The methodology is well known, as are the error sources, and the
evaluation of uncertainty. The "hard" part is reducing the
uncertainties (i.e. the equipment design) in the first place or in
choosing a measurement method that tends to cancel errors (e.g. Dicke
switch radiometers use the same sensor for both reference and unknown
measurement, eliminating sensor/sensor uncertainty, at the expense of
the uncertainty due to the switch). The tedious part is in being
careful, doing repeated measurements, controlling the environment, and
then grinding the math.


that crude metric of adjectives. Throwing more gear and procedure
that is freely available (rather than as costly necessary) at the
problem, compounds error outrageously.


I'd say "may" compound error.


This, again, is an appeal to substituting just-plain-hard-work for
accuracy. You fail to show any correlation to standards or their
necessity. The effort you describe may well pay off in superlative
precision; again, investing in resolution without paying for the cost
of accuracy.


Or, perhaps, getting your accuracy from standards you DO have handy,
rather than relying on the instrument's internal transfer standard. An
example might be using thermal hot/cold loads to calibrate a
radiometer rather than a calibrated diode noise source (where the
diode was calibrated somewhere else against a thermal standard). If
you don't have the diode (or the wherewithal to send it to NIST for
calibration on their radiometer), then perhaps hard work and time can
get you a comparison against something you CAN measure accurately
(boiling LN2, boiling water, etc.).


Z is unconstrained. In a typical ham situation, these things probably
aren't the case.


This appears to be yet another objection: "probably aren't the case."

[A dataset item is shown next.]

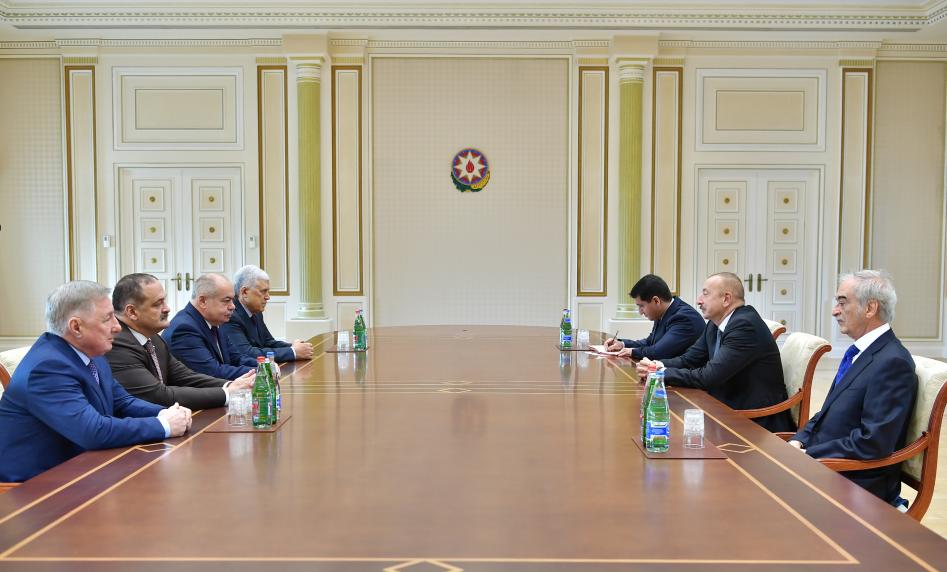 Ilham Aliyev received deputy chairman and committee chair of Russian Federation, chairman and adviser to chairman of People's Assembly of Dagestan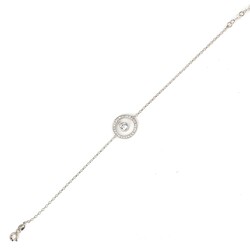 Solitaire Zircon in a Hoop Sterling Silver Chain Bracelet, White Gold Vermeil - Nusrettaki (1)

The original post had to do with comparing measured antenna patterns
against NEC models. That IS the case there.




This was your choice of instrumentation; this was your choice of power
determination. I have provided an incontrovertible example of how
your off-hand assertion failed from your own choices. It doesn't get
remarkably better however you decide to amend the conditions and those
amendments certainly won't come close to your original off-hand
observation of power determination of 0.1dB or less error.


I note that a later page in the same presentation shows absolute power
measurement worst case uncertainty at 30 MHz of 0.02dB over a power
range of -10 to -70 dBm (slide 47).. I just picked the 8902
arbitrarily as an example of something that I know can do relative
measurements to this sort of accuracy (as opposed to, say, a Bird 43
watt meter, which cannot) to refute your original statement
(paraphrased) that measurements to better than 0.5 dB were
impractical.

Some may appeal that their Relative Accuracy has the merit of Absolute

Accuracy - until you ask them to measure the actual, absolute value of
their ad-hoc standard. I have built primary standards and measured
them to 7 places. Over several years they migrated in value by 2 of
those least significant digits, but only in comparison to standards
that had "aged" and been calibrated at a national primary standards
laboratory. By themselves, I could have fooled myself (and perhaps
others less sophisticated) that they were absolutely accurate to the
extent of the number of digits my instruments could resolve.

--
So, you measured to 1E-7, and over several years, they changed by
1E-5? That's a whole heck of a lot better than 1E-2 (which is what
0.1dB implies). Those 3 orders of magnitude are why I think it's
reasonable and plausible for hams to make measurements to 0.1dB.

--

http://hdl.handle.net/2014/18497 describes one measurement system I
designed, built and calibrated. That paper was aimed at a more
general audience and doesn't give much of the uncertainty analysis,
but it can be found in the several dissertations based on the
calibration station. There's nothing special in this system that
couldn't be duplicated by a ham for HF or VHF use. Certainly, the NIST
Type IV power meter (used in the system to measure the level of the
reference source used to calibrate the receiver chain) is something
eminently doable for ham use (See Larsen's paper from 1975) and mostly
depends on a "really good" DVM for its accuracy.